## [TO DO]
Copy everything in the records exactly; the pictures stay out.

# # # # #

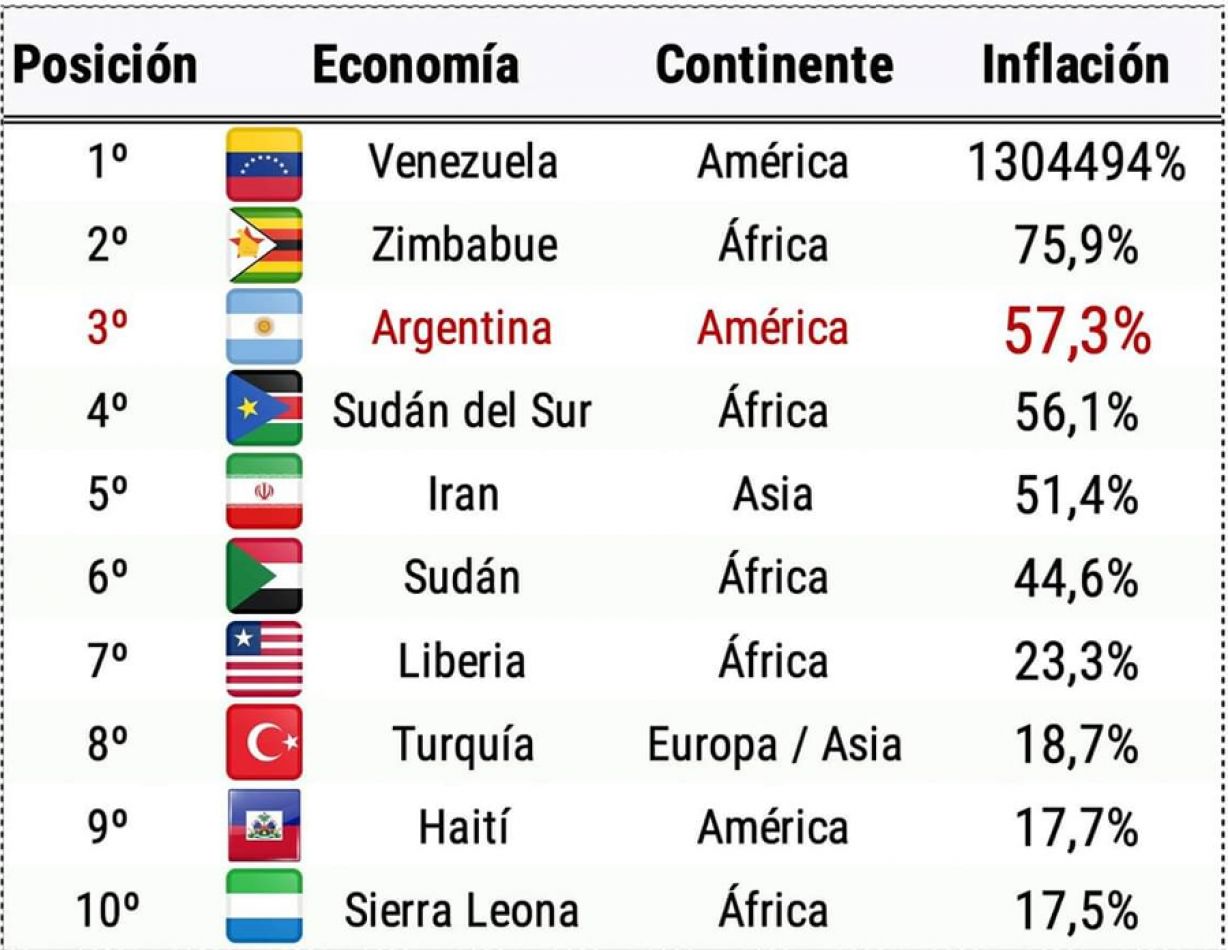 Imagen relacionada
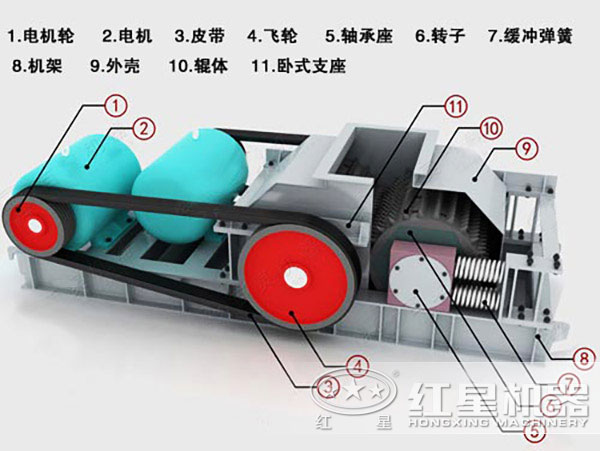 新型對輥式破碎機(jī)結(jié)構(gòu)圖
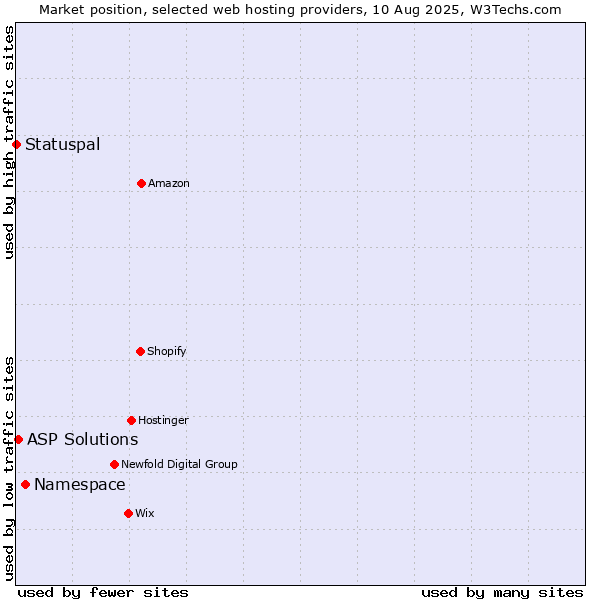 Market position of Namespace vs. ASP Solutions vs. Statuspal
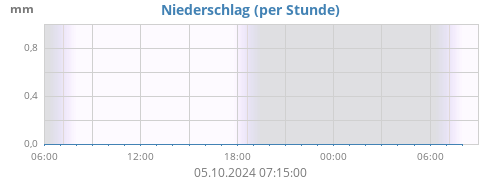 Niederschlag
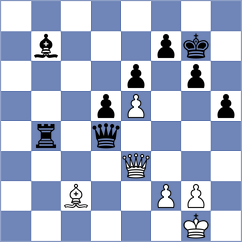 Pein - Roman (Chess.com INT, 2021)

# # # # #

## [WRITTEN RESPONSE]
 Imagen relacionada
 新型對輥式破碎機(jī)結(jié)構(gòu)圖
 Market position of Namespace vs. ASP Solutions vs. Statuspal
 Niederschlag
 Pein - Roman (Chess.com INT, 2021)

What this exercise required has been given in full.